Liam Lawson’s not pretending he’s got one eye on the silly season yet, but he isn’t exactly hiding how he feels about Racing Bulls either.
Asked ahead of this weekend’s Monaco Grand Prix — round six of the 2026 season — about his plans for 2027, the New Zealander insisted it’s far too early to be having those conversations in earnest. Then came the line that’ll land on every team principal’s desk anyway: if it were up to him, he’d sign an extension “right now”.
It’s a telling bit of honesty from a driver who knows, perhaps better than most, how little control you really have over your own future inside the Red Bull system. Lawson’s first full season in 2025 was described even by those close to him as a rollercoaster, and he only found out in the final week of that campaign that he’d be kept on for 2026. That’s not a situation any driver enjoys — even if they’ll all say the right things in public — because it turns every weekend into an audition with an expiry date.
So far this season, he’s given Racing Bulls plenty of reasons to keep the pen uncapped. Lawson’s opened 2026 with a run of quietly impressive results: seventh place in China, seventh again in Canada, and ninth in Japan. In a midfield that’s been as unforgiving as ever, those points matter. They also shape perception inside a team, where a couple of weekends can swing internal momentum one way or the other.
He’s also holding a clear advantage over his team-mate, Arvid Lindblad. The Swede is the only rookie on the 2026 grid, and Lawson currently sits 11 points ahead — a gap that doesn’t scream domination, but does underline something important: when Racing Bulls has needed one car to bring home the slightly scrappy, slightly opportunistic results that keep a midfield season alive, it’s been Lawson doing it more often.
That’s why his comments land with a slightly sharper edge than a standard contract non-answer. Lawson is doing what drivers do when they feel settled: he’s telling the world he’s happy where he is, and he’s doing it early enough that it’s harder for everyone else to pretend the message wasn’t received.
Still, he’s realistic about the fact the decision isn’t his.
“No,” Lawson said when asked if he’s starting to think about 2027. “It’s definitely early at the moment to talk about it. But at the moment I’m just focused on trying to get the consistency we’ve had from the first part of the year and carry that through the rest of the year.”

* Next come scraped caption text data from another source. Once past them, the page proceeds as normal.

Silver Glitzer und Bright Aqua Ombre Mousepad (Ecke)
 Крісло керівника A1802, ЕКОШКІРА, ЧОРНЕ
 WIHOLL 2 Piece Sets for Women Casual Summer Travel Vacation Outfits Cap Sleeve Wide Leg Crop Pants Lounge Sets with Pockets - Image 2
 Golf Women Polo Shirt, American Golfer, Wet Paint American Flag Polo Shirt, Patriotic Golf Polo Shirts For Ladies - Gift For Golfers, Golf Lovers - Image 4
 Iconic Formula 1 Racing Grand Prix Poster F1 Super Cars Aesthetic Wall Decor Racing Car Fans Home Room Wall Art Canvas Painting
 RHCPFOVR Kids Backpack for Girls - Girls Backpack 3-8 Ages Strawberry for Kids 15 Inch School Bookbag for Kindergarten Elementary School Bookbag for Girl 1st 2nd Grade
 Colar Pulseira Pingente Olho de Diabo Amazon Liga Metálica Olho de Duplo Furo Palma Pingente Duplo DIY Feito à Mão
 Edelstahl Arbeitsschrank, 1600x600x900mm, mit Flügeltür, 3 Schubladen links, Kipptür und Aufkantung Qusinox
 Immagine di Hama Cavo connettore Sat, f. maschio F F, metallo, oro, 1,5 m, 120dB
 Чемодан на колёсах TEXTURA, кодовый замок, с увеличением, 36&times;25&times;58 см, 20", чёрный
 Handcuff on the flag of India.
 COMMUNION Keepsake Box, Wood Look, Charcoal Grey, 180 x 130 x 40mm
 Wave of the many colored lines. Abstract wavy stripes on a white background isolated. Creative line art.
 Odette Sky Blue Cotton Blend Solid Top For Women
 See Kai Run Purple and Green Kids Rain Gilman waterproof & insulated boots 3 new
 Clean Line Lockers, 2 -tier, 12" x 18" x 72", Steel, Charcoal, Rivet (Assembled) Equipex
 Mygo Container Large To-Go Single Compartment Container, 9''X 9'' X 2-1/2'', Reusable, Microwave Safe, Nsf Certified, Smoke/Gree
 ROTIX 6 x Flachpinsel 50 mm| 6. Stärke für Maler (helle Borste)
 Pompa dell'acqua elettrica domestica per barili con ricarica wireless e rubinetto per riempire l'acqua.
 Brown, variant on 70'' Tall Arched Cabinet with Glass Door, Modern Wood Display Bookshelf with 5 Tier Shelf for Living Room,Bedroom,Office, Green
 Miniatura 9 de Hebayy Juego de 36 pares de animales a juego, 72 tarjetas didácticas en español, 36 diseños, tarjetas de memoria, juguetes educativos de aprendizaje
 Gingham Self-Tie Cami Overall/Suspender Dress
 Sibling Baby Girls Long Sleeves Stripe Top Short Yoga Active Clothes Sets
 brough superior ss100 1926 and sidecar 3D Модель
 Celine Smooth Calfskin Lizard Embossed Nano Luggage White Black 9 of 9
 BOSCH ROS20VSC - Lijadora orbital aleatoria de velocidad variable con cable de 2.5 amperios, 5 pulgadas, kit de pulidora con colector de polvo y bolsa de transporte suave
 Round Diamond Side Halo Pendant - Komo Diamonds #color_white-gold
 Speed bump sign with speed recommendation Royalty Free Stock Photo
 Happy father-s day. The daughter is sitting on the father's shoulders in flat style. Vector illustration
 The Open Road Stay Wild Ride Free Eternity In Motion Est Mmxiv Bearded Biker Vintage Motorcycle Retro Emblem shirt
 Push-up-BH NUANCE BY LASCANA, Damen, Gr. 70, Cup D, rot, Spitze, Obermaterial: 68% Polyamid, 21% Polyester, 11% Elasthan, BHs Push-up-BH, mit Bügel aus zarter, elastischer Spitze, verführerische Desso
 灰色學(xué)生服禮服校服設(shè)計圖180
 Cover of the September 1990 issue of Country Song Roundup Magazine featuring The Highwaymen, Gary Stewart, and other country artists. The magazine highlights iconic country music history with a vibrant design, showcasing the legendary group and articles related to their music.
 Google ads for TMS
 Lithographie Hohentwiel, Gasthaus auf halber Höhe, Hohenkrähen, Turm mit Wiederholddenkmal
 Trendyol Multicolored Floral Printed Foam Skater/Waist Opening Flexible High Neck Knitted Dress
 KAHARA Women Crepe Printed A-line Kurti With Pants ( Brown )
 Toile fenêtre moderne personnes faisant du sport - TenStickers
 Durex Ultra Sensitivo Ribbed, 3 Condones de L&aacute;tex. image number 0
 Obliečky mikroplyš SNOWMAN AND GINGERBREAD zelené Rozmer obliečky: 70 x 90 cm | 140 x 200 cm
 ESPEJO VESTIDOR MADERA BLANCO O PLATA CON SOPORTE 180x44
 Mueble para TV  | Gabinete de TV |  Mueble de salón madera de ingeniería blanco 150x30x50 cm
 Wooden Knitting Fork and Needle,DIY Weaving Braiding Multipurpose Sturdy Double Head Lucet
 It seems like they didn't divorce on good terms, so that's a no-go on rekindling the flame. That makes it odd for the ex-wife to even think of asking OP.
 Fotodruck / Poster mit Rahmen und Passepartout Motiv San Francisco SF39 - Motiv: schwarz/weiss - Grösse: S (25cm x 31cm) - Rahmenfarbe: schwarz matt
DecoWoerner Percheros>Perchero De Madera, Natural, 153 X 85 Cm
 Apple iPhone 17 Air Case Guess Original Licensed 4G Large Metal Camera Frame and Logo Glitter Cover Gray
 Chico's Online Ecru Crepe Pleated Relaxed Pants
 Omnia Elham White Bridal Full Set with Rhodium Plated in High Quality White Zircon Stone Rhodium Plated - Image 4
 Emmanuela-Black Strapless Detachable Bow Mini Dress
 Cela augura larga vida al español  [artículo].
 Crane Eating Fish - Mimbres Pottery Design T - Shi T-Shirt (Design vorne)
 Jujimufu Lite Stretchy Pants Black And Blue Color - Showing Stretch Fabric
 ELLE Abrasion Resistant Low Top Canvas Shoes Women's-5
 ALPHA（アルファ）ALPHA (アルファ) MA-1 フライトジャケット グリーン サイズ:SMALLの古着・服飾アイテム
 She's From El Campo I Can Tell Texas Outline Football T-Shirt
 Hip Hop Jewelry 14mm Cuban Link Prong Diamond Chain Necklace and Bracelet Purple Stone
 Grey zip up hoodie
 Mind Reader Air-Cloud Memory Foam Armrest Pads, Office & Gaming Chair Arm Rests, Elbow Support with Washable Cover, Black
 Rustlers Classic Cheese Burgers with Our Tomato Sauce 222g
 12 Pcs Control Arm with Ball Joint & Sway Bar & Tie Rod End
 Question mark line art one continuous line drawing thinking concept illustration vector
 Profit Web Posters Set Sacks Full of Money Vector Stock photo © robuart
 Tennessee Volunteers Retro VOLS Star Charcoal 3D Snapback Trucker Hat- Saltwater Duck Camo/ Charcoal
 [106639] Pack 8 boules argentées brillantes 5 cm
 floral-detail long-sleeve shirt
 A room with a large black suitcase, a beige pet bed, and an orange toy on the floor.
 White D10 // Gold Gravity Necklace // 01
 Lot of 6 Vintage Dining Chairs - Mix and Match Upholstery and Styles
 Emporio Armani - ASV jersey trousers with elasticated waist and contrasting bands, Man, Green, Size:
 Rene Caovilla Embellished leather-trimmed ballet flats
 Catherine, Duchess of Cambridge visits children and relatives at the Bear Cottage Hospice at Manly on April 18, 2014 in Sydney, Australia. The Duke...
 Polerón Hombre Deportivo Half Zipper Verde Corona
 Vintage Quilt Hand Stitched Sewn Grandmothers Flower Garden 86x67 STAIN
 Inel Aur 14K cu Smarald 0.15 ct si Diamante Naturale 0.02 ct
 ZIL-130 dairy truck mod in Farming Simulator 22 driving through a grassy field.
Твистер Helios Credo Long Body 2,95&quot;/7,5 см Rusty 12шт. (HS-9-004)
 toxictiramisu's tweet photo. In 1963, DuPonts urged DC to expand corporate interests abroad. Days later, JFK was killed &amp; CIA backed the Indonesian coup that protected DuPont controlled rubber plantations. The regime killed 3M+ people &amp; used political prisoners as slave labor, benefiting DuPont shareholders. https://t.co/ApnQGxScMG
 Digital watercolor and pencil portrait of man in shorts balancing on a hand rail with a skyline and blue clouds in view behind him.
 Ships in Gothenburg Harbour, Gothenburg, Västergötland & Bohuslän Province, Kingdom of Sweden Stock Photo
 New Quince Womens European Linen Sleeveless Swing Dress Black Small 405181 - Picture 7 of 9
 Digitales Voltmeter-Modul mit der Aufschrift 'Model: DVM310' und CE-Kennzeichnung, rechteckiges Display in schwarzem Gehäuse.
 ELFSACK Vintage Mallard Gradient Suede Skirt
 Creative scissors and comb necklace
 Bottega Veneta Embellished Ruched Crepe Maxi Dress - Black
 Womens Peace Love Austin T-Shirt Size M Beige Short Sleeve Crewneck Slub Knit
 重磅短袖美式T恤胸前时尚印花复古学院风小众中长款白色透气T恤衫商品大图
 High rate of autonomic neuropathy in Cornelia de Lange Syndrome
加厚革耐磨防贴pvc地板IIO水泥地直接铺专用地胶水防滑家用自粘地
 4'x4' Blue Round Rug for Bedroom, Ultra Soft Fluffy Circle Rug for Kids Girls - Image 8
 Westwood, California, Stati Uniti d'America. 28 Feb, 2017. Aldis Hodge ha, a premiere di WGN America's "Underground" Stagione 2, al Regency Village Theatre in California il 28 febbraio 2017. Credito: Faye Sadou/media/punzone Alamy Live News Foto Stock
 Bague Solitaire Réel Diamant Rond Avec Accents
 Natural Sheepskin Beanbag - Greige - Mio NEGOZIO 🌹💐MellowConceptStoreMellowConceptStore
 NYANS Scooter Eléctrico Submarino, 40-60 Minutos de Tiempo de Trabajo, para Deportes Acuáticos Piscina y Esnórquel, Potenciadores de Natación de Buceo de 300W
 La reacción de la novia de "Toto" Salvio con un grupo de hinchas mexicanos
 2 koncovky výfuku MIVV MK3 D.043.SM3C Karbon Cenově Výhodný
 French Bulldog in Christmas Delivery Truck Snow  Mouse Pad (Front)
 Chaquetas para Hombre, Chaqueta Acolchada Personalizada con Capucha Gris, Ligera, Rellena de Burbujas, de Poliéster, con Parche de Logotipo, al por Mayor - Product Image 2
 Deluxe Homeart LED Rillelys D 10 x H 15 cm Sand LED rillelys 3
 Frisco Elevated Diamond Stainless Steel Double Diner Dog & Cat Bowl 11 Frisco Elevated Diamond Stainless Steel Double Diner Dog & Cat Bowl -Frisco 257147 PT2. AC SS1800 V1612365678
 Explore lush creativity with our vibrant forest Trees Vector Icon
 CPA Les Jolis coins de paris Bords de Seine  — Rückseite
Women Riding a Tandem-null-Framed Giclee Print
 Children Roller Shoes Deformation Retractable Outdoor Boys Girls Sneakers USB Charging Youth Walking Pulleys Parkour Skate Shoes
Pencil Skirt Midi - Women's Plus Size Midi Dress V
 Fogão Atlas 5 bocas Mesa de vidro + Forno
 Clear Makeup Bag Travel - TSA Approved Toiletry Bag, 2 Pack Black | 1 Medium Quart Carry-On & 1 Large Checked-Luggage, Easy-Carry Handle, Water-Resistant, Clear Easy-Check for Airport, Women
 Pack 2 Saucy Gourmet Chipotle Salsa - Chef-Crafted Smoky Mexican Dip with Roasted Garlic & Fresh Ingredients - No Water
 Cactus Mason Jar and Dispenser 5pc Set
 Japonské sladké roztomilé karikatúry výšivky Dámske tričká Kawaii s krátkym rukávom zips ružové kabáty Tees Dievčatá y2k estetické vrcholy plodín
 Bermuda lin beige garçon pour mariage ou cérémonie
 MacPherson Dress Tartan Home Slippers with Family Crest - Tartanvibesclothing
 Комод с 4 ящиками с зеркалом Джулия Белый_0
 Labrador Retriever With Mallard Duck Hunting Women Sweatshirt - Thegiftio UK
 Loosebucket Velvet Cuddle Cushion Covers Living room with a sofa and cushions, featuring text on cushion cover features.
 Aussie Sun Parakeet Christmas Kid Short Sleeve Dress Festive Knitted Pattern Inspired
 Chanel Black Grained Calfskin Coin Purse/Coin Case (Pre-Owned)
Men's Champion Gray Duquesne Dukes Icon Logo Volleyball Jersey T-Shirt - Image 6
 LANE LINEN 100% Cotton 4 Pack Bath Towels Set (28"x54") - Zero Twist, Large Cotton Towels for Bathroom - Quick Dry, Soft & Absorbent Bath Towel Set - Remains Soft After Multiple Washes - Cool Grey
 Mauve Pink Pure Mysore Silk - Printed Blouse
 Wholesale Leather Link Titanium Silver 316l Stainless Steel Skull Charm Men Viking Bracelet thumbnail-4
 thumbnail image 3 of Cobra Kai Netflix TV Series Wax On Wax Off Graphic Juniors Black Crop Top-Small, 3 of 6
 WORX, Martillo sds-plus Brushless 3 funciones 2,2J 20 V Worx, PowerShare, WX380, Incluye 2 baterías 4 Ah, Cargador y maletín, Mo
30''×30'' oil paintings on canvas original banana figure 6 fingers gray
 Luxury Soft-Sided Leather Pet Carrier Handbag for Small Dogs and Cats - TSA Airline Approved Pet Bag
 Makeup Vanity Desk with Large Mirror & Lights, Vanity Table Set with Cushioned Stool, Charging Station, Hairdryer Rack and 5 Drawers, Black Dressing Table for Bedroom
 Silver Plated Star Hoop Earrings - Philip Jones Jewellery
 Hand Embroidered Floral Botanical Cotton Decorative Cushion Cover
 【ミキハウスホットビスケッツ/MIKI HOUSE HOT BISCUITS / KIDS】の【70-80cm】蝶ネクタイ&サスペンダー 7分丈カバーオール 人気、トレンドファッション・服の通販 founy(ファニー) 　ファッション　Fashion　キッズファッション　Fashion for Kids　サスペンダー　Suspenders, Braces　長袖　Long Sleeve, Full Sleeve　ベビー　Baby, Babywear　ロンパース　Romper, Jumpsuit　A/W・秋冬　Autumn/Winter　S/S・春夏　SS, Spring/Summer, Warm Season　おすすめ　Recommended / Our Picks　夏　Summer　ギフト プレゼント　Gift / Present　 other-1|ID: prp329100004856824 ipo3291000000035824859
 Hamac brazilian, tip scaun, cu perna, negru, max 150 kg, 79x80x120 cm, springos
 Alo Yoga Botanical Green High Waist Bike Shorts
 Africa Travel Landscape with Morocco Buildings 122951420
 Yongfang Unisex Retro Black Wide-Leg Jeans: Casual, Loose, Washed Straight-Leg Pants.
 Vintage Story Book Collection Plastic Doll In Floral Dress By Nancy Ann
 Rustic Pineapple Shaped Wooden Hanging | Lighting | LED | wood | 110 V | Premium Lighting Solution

When it was put to him that he won’t want to be waiting until December again to find out what he’s doing next season, his answer was equal parts candid and resigned.
“Yeah, but it’s not my choice either! If it was my decision, I’d sign something right now for next year, but it depends on a lot of things,” he said. “And right now, on that side I’m just focused on keeping the consistency for the rest of the year.”
Those “lot of things” are the familiar moving parts around the Red Bull driver ladder, which is never truly still. The programme has a reputation — earned over two decades — for both creating opportunities and moving drivers on ruthlessly when it suits. That history sits behind every conversation a Racing Bulls driver has about their future, whether they admit it or not.
The immediate pressure point for 2027 is Red Bull’s junior pool, with Formula 2 driver Nikola Tsolov currently the most senior name waiting in the wings. Tsolov is third in the F2 standings, having already taken wins this season in the Australia feature race and the Miami sprint. Heading into Monaco, he’s 22 points behind championship leader Gabriele Mini — close enough to be relevant, and crucially, close enough to keep his candidacy in the conversation all year.
Then there’s Yuki Tsunoda, now a reserve for 2026 after being moved out of a race seat by Red Bull. He remains attached to the wider set-up, which keeps another variable on the table if the organisation decides experience is suddenly more valuable than potential.
Lawson, for his part, is doing the only thing that ever really stabilises a career in that environment: banking results and removing excuses. Monaco is the kind of weekend that can either sharpen a reputation or bruise it, especially for a midfield driver trying to prove he belongs in the longer-term picture. Nail qualifying, keep it clean, take the points if they’re there — and the contract talk becomes less about whether you’ll be retained, and more about where the ceiling actually is.
For now, Lawson sounds like a driver who’d happily keep building with Racing Bulls, even if he knows the ground can shift without warning. Whether the team offers him that security early, or makes him sweat again, is the part he can’t control — but he can certainly influence it. Monaco will be another chance to do exactly that.